Then, each current frame of the multiview videos is predicted
according to reference pictures indexed by the associated reference
picture list during encoding and decoding.
BRIEF DESCRIPTION OF THE DRAWINGS
FIG. 1 is a block diagram of a prior art system for encoding
multiview videos;
FIG. 2 is a block diagram of a prior art disparity compensated
prediction system for encoding multiview videos;
FIG. 3 is a flow diagram of a prior art wavelet decomposition
process;
FIG. 4 is a block diagram of a MCTF/DCVF decomposition according to
an embodiment of the invention;
FIG. 5 is a block diagram of low-band frames and high band frames
as a function of time and space after the MCTF/DCVF decomposition
according to an embodiment of the invention;
FIG. 6 is a block diagram of prediction of high band frame from
adjacent low-band frames according to an embodiment of the
invention.
FIG. 7 is a block diagram of a multiview coding system using
macroblock-adaptive MCTF/DCVF decomposition according to an
embodiment of the invention;
FIG. 8 is a schematic of video synthesis according to an embodiment
of the invention;
FIG. 9 is a block diagram of a prior art reference picture
management;
FIG. 10 is a block diagram of multiview reference picture
management according to an embodiment of the invention;
FIG. 11 is a block diagram of multiview reference pictures in a
decoded picture buffer according to an embodiment of the
invention;
FIG. 12 is a graph comparing coding efficiencies of different
multiview reference picture orderings;
FIG. 13 is a block diagram of dependencies of view mode on the
multiview reference picture list manager according to an embodiment
of the invention;
FIG. 14 is a diagram of a prior art reference picture management
for single view coding systems that employ prediction from temporal
reference pictures;
FIG. 15 is a diagram of a reference picture management for
multiview coding and decoding systems that employ prediction from
multiview reference pictures according to an embodiment of the
invention;
FIG. 16 is a block diagram of view synthesis in a decoder using
depth information encoded and received as side information
according to an embodiment of the invention;
FIG. 17 is a block diagram of cost calculations for selecting a
prediction mode according to an embodiment of the invention;
FIG. 18 is a block diagram of view synthesis in a decoder using
depth information estimated by a decoder according to an embodiment
of the invention;
FIG. 19 is a block diagram of multiview videos using V-frames to
achieve spatial random access in the decoder according to an
embodiment of the invention;
FIG. 20 is a block diagram of view synthesizes using warping and
interpolation according to an embodiment of the invention; and
FIG. 21 is a block diagram of a depth search according to an
embodiment of the invention;
FIG. 22 is a block diagram of sub-pel reference matching according
to an embodiment of the invention:
FIG. 23 is a block diagram of conventional skip mode; and
FIG. 24 is a block diagram of synthetic skip mode according to an
embodiment of the invention.
DETAILED DESCRIPTION OF THE EMBODIMENTS OF THE INVENTION
One embodiment of our invention provides a joint
temporal/inter-view processing method for encoding and decoding
frames of multiview videos. Multiview videos are videos that are
acquired of a scene by multiple cameras having different poses. We
define a pose camera as both its 3D (x, y, z) position, and its 3D
(.theta., .rho., .phi.) orientation. Each pose corresponds to a
`view` of the scene.
The method uses temporal correlation between frames within the same
video acquired for a particular camera pose, as well as spatial
correlation between synchronized frames in different videos
acquired from multiple camera views. In addition, `synthetic`
frames can be correlated, as described below.
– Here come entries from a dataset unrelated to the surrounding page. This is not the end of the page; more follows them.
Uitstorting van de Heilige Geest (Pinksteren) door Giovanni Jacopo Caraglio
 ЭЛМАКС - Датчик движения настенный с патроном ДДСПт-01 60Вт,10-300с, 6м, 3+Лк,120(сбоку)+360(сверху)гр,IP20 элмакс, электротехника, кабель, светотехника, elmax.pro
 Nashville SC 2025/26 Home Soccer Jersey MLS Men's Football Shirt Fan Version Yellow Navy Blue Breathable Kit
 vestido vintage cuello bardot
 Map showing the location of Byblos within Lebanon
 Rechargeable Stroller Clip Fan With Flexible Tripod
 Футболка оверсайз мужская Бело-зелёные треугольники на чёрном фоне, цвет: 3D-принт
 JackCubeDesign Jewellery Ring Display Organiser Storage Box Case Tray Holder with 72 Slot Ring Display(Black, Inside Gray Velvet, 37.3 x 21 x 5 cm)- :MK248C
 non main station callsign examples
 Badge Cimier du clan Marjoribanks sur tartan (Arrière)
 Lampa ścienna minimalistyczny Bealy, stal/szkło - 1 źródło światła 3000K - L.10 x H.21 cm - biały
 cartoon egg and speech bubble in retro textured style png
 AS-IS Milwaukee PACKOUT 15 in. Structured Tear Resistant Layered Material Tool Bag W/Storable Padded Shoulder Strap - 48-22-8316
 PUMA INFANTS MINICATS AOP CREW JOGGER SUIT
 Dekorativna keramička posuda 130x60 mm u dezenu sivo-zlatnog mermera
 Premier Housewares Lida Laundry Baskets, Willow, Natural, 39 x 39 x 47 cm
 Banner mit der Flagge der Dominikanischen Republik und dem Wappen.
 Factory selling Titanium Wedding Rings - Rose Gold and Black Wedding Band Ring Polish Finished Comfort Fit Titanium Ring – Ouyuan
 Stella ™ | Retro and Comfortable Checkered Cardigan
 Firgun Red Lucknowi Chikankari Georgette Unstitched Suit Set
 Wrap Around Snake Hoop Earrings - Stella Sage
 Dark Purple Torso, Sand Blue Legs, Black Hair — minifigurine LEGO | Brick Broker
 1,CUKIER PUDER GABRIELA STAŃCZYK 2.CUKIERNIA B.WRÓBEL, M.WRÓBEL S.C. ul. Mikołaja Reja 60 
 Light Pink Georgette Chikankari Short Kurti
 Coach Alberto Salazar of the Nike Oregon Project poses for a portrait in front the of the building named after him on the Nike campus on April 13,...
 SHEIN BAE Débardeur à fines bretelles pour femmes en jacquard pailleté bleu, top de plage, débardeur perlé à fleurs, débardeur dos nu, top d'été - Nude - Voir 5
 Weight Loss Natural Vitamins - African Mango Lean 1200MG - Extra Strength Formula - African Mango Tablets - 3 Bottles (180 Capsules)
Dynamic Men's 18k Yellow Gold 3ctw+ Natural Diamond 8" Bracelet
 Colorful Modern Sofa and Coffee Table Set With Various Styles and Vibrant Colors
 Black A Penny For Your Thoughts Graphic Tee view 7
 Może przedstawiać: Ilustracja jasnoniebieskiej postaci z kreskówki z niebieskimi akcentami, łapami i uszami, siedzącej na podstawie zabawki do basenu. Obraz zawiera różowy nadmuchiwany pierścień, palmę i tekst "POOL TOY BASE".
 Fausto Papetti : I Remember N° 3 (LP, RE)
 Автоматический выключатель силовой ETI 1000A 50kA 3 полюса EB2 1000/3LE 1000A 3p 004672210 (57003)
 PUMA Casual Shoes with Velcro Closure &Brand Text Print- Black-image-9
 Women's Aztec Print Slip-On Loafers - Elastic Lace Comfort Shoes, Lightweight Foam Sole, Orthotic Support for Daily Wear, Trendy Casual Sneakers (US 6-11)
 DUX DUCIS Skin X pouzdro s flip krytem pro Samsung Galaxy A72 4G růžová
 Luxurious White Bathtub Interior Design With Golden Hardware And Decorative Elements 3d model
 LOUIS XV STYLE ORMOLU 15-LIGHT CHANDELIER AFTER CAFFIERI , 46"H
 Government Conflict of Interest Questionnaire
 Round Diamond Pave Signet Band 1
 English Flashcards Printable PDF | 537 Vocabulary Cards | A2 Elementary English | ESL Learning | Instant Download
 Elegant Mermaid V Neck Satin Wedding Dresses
In one embodiment, the temporal correlation uses motion compensated
temporal filtering (MCTF), while the spatial correlation uses
disparity compensated inter-view filtering (DCVF).
In another embodiment of the invention, spatial correlation uses
prediction of one view from synthesized frames that are generated
from `neighboring` frames. Neighboring frames are temporally or
spatially adjacent frames, for example, frames before or after a
current frame in the temporal domain, or one or more frames
acquired at the same instant in time but from cameras having
different poses or views of the scene.
Each frame video includes macroblocks of pixels. Therefore, the
method of multiview video encoding and decoding according to one
embodiment of the invention is macroblock adaptive. The encoding
and decoding of a current macroblock in a current frame is
performed using several possible prediction modes, including
various forms of temporal, spatial, view synthesis, and intra
prediction. To determine the best prediction mode on a macroblock
basis, one embodiment of the invention provides a method for
selecting a prediction mode. The method can be used for any number
of camera arrangements.
As used herein, a reference picture is defined as any frame that is
used during the encoding and decoding to `predict` a current frame.
Typically, reference pictures are spatially or temporally adjacent
or `neighboring` to the current frame.
It is important to note that the same operations are applied in
both the encoder and decoder because the same set of reference
pictures are used at any given time instant to encode and decode
the current frame.
MCTF/DCVF Decomposition
FIG. 4 shows a MCTF/DCVF decomposition 400 according to one
embodiment of the invention. Frames of input videos 401-404 are
acquired of a scene 5 by cameras 1-4 having different posses. Note,
as shown in FIG. 8, some of the cameras 1a and 1b can be at the
same locations but with different orientations. It is assumed that
there is some amount of view overlap between any pair of cameras.
The poses of the cameras can change while acquiring the multiview
videos. Typically, the cameras are synchronized with each other.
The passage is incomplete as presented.